Açıklanan ilkeler gözetildiğinde iptal kararının geriye yürümesini zorunlu kılan bir nedenden söz etme olanağı yoktur.Aksinin kabulü Anayasanın l53/5.maddesine ve kazanılmış hak kuralına ters düşen bir sonuç ortaya çıkarır.
Somut olayda davalının 18.5.1998 tarihinde kira ilişkisini devam ettirmek iradesini bildirerek kira bedeli olarak bir miktar parayı tayin edilen tevdii mahalline yatırdığı daha sonrada kira bedelinin belirlenmesi amacıyla kira tespit davası açtığı anlaşılmaktadır.
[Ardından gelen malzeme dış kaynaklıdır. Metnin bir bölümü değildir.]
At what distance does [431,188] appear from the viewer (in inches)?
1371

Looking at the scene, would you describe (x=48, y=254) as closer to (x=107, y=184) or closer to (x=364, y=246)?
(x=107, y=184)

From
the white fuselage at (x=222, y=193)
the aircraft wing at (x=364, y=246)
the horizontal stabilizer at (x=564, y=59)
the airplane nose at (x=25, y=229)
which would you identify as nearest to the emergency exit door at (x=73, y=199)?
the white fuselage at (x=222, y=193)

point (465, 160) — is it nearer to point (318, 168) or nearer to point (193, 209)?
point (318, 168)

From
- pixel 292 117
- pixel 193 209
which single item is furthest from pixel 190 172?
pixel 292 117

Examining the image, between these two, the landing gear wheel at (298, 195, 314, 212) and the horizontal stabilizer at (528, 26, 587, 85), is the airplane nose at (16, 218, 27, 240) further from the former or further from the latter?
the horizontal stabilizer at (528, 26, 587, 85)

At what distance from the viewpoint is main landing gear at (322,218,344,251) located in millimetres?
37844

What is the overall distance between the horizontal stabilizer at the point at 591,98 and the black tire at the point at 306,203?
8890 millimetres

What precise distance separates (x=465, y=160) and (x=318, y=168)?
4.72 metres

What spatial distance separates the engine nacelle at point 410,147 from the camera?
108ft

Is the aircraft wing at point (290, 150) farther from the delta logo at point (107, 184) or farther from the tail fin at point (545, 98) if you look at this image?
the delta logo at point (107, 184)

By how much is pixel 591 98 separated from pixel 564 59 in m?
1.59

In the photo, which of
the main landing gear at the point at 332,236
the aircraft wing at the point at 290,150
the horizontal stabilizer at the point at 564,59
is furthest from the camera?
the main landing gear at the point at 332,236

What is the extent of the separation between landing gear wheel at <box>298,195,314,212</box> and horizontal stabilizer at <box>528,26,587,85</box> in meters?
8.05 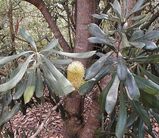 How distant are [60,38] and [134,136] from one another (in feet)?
1.28

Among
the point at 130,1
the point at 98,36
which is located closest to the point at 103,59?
the point at 98,36

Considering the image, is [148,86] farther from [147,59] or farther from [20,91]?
[20,91]

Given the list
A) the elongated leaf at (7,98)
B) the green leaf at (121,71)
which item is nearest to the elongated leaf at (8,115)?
the elongated leaf at (7,98)

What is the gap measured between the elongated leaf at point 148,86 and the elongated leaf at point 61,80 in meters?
0.16

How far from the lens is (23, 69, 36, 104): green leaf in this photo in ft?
2.24

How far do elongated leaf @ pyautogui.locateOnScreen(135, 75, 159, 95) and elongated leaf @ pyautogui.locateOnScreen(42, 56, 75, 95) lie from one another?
16cm

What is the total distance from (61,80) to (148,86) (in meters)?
0.18

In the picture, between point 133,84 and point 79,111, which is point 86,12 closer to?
point 79,111

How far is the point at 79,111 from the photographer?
3.77ft

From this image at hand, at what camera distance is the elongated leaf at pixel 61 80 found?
65 centimetres

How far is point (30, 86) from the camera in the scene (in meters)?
0.70

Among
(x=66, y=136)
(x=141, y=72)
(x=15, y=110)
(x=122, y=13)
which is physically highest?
(x=122, y=13)

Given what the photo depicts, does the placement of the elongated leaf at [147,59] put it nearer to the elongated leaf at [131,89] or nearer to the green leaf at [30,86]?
the elongated leaf at [131,89]

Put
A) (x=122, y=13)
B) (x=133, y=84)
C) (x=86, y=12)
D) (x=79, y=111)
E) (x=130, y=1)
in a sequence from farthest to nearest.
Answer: (x=79, y=111), (x=86, y=12), (x=130, y=1), (x=122, y=13), (x=133, y=84) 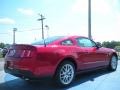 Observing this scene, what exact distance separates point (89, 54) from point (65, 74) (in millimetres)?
1290

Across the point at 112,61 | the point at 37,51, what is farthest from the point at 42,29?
the point at 37,51

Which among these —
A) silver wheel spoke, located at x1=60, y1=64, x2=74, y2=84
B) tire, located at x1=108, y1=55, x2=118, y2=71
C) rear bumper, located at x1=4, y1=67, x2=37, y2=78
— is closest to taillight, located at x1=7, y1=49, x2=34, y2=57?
rear bumper, located at x1=4, y1=67, x2=37, y2=78

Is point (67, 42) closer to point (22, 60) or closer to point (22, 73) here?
point (22, 60)

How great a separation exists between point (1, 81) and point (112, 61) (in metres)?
4.16

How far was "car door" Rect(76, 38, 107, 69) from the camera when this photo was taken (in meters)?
6.74

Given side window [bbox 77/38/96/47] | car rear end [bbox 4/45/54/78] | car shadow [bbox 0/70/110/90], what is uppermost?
side window [bbox 77/38/96/47]

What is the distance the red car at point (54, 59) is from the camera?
5500 millimetres

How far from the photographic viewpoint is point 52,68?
570 cm

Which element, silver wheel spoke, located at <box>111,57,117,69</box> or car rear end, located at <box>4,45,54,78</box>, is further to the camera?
silver wheel spoke, located at <box>111,57,117,69</box>

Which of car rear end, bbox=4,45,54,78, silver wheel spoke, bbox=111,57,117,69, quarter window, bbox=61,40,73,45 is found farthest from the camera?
silver wheel spoke, bbox=111,57,117,69

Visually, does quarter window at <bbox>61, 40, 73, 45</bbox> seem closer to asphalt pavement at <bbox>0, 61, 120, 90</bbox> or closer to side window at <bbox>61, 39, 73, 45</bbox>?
side window at <bbox>61, 39, 73, 45</bbox>

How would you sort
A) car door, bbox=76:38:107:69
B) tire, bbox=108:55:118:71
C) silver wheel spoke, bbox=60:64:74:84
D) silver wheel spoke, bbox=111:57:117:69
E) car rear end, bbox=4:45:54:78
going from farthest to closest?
silver wheel spoke, bbox=111:57:117:69 → tire, bbox=108:55:118:71 → car door, bbox=76:38:107:69 → silver wheel spoke, bbox=60:64:74:84 → car rear end, bbox=4:45:54:78

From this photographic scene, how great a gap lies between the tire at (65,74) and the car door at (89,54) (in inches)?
16.9

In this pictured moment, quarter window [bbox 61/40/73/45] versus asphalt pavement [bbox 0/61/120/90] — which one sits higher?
quarter window [bbox 61/40/73/45] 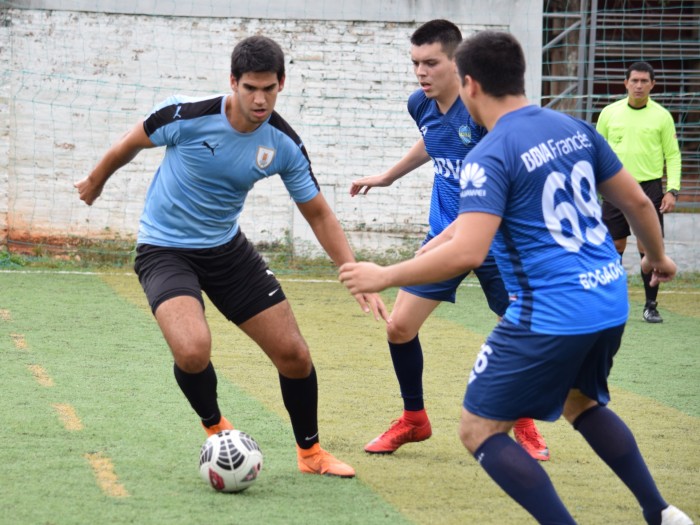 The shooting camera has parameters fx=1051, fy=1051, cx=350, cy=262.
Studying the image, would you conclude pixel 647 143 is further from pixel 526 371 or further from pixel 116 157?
pixel 526 371

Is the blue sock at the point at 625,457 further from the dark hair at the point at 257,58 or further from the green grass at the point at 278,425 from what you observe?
the dark hair at the point at 257,58

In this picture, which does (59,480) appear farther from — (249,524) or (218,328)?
(218,328)

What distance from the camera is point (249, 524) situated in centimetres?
421

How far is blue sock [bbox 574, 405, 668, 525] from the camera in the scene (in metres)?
3.98

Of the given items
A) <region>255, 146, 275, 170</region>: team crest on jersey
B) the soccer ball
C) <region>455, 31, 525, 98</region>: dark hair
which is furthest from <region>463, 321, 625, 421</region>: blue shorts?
<region>255, 146, 275, 170</region>: team crest on jersey

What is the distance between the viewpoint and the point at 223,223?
5.02 meters

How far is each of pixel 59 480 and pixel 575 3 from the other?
11.3 meters

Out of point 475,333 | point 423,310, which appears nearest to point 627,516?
point 423,310

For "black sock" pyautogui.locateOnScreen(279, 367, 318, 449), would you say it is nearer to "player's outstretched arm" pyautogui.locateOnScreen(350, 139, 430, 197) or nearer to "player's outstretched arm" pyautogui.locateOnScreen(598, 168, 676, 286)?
"player's outstretched arm" pyautogui.locateOnScreen(350, 139, 430, 197)

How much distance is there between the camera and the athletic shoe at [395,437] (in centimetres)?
548

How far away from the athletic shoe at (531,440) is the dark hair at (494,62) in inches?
89.6

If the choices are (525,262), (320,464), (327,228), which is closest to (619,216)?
(327,228)

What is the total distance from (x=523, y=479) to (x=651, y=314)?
22.9ft

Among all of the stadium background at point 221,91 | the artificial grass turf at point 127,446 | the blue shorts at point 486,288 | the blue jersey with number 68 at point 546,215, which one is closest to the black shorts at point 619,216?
the stadium background at point 221,91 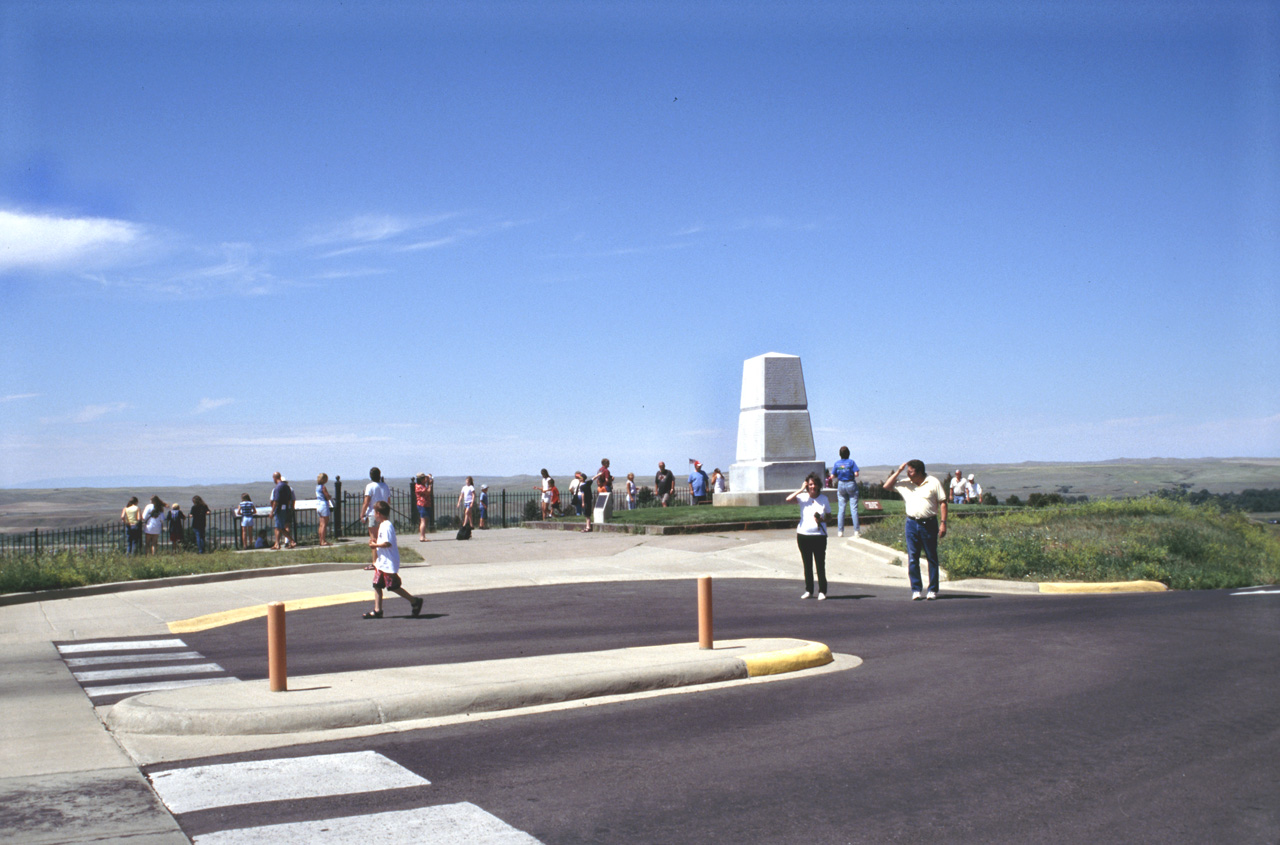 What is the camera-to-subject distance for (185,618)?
14797mm

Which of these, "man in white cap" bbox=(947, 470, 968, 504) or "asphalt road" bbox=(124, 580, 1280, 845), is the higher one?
"man in white cap" bbox=(947, 470, 968, 504)

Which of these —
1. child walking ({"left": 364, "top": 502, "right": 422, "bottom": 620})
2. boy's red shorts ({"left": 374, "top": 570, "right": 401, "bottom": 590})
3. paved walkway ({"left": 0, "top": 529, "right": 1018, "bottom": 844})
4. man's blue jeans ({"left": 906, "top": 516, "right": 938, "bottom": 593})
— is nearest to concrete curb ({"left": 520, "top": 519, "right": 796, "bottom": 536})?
paved walkway ({"left": 0, "top": 529, "right": 1018, "bottom": 844})

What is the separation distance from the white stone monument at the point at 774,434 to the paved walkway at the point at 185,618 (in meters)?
7.16

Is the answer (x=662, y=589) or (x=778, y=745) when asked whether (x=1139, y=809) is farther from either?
(x=662, y=589)

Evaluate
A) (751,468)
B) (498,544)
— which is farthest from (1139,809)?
(751,468)

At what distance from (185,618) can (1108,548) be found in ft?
47.8

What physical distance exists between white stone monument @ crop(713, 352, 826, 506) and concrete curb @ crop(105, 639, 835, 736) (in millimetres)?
22601

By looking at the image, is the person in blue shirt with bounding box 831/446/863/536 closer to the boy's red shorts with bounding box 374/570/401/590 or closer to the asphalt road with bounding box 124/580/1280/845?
the asphalt road with bounding box 124/580/1280/845

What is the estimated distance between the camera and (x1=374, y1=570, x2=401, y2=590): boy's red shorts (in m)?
13.5

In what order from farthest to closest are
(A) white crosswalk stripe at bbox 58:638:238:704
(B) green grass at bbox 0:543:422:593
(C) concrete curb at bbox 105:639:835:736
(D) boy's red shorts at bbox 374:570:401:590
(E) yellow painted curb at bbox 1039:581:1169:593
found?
(B) green grass at bbox 0:543:422:593 < (E) yellow painted curb at bbox 1039:581:1169:593 < (D) boy's red shorts at bbox 374:570:401:590 < (A) white crosswalk stripe at bbox 58:638:238:704 < (C) concrete curb at bbox 105:639:835:736

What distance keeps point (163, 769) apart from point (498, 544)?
18.7m

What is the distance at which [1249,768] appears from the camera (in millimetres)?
6090

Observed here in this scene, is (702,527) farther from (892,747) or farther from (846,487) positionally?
(892,747)

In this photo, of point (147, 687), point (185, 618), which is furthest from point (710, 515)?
point (147, 687) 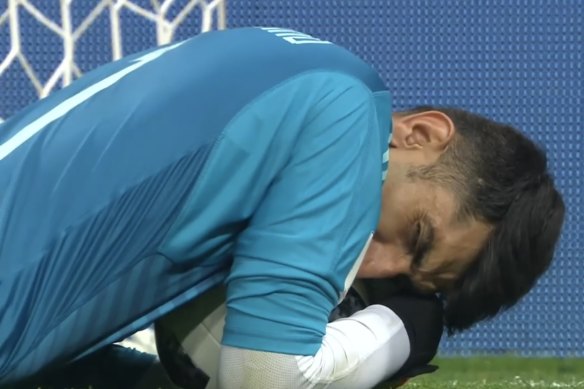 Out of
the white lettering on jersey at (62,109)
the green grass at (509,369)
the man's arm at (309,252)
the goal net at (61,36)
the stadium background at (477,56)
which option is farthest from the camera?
the stadium background at (477,56)

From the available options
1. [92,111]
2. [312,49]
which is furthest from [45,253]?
[312,49]

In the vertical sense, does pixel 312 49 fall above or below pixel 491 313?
above

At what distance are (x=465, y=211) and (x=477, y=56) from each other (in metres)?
3.15

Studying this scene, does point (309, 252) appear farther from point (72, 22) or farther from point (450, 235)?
point (72, 22)

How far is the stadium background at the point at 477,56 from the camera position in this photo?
473cm

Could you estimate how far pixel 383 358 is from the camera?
1707 millimetres

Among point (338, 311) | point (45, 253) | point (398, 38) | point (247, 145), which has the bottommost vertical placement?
point (398, 38)

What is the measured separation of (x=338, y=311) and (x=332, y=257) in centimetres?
32

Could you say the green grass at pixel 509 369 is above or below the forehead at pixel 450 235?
below

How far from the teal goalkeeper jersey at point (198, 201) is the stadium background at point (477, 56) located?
10.1 feet

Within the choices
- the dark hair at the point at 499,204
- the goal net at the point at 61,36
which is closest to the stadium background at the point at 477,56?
the goal net at the point at 61,36

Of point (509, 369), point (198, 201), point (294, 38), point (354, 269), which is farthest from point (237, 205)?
point (509, 369)

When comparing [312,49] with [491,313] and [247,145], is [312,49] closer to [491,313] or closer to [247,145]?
[247,145]

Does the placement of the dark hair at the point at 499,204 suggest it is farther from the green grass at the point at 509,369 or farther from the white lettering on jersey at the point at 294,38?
the green grass at the point at 509,369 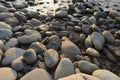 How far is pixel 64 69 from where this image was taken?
9.98ft

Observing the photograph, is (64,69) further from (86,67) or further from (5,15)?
(5,15)

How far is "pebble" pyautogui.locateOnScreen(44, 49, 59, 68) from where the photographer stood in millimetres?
3196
Emsal dosyalardan Vakıflar idaresinin çekişme konusu Mısır Çarşısında onarım yapacağından bahisle yeni bir kira ilişkisine yanaşmadığı da bilinmektedir.Hal böyle olunca, davalının çekişmeli taşınmazda fuzuli şagil olduğunu, haklı bir sebebe dayalı olmaksızın oturduğunu söyleyebilme olanağı yoktur.Belirtilen nedenlerle davanın reddi gerekirken, yazılı olduğu üzere karar verilmesi isabetsizdir. Davalının temyiz itirazları yerindedir.
SONUÇ : Kabulüyle hükmün açıklanan nedenlerden ötürü HUMK.nun 428.maddesi gereğince BOZULMASINA, peşin alınan harcın temyiz edene geri verilmesine, 4.12.2001 tarihinde yürürlüğe giren Av.ücret tarifesinin 14.maddesi gereğince gelen temyiz eden davalı vekili için 250.000.000 Tl. duruşma Av.parasının diğer temyiz edenden alınmasına 5.2.2002 tarihinde oybirliğiyle karar verildi.